Not surprisingly, the Obama administration’s struggles to get the federal SHOP online marketplace up-and-running did impact the Health Connector.

“We compete against a lot of press this year that said the SHOP website was broken and people thought our website was broken. It wasn’t,” Kerrigan said.

Obamacare regulations also impacted the Health Connector numbers, but the organization rallied and has doubled the amount of businesses that use it. Prior to the Affordable Care Act, the Health Connector had 5,000 members, but the new laws meant the self-employed could not get health insurance as a small business, which eliminated half of those a year ago. However, Kerrigan says the Health Connector is already back to 5,000 users — all of which are small businesses.

Savings, such as those offered by the Health Connector’s Wellness Program, are also a big draw for the state’s small businesses. The wellness program could save some businesses 15 percent on health insurance. In addition, the federal government also offers small business health care tax credits through participation in program’s such as the Massachusetts Health Connector — with possible savings as much as 50 percent on the employer’s share of health insurance premiums.

Officials at the Massachusetts District Office of the U.S. Small Business Administration are pushing small businesses toward the federal SHOP marketplace, as well as the Massachusetts Health Connector.

Their thinking is that it doesn’t matter how the state’s small businesses get their health insurance coverage, only that they get it.
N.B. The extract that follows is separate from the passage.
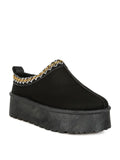 Jesters Embroidered Platform Classic Slip-On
“We have definitely been doing some training throughout the last few years, because it is so important for small business to know what is going on,” said SBA Deputy District Director Anne Hunt.

In fact, the SBA offers a weekly, live webinar series for small business owners on the basics of the Affordable Care Act and how to enroll in SHOP.

Hunt says the Massachusetts Health Connector is an important resource for the state small businesses.

“They are really the experts and we try to funnel businesses to the experts,” she said.